EXERCISE AIM
Return, with both end lines included, exactly what the data below holds from the line with "zivame-1632119657 zivame logo" through the line with "Nike Air Max 720 36-40 Nike", though not the pictures.

DATASET ENTRIES
━━━━━━━━

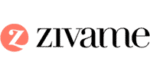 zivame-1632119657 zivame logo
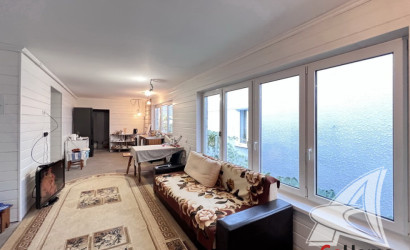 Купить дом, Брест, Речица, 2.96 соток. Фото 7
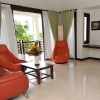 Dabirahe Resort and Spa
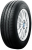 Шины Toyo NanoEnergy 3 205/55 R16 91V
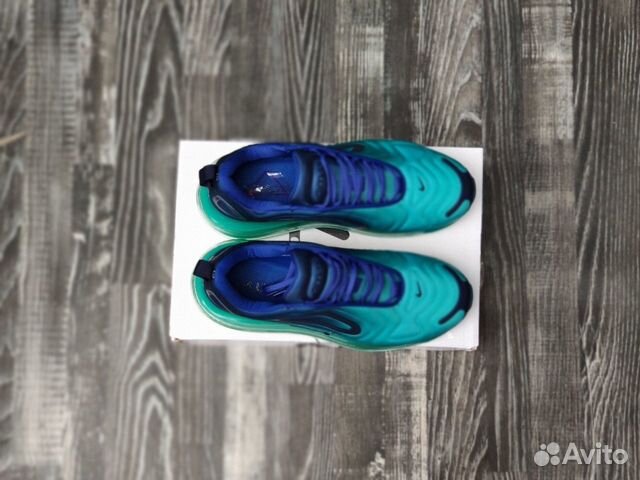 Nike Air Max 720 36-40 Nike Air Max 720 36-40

━━━━━━━━

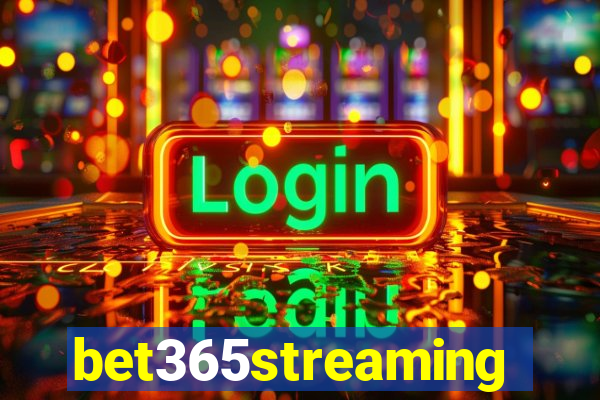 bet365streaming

━━━━━━━━

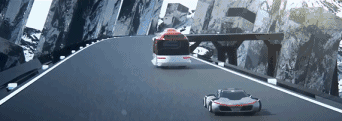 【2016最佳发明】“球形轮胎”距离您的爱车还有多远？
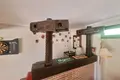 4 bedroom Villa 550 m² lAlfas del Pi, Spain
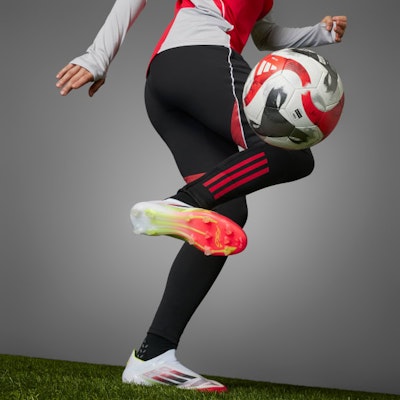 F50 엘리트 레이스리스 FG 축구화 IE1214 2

━━━━━━━━

RESULT OF THIS TASK
 zivame-1632119657 zivame logo
 Купить дом, Брест, Речица, 2.96 соток. Фото 7
 Dabirahe Resort and Spa
 Шины Toyo NanoEnergy 3 205/55 R16 91V
 Nike Air Max 720 36-40 Nike Air Max 720 36-40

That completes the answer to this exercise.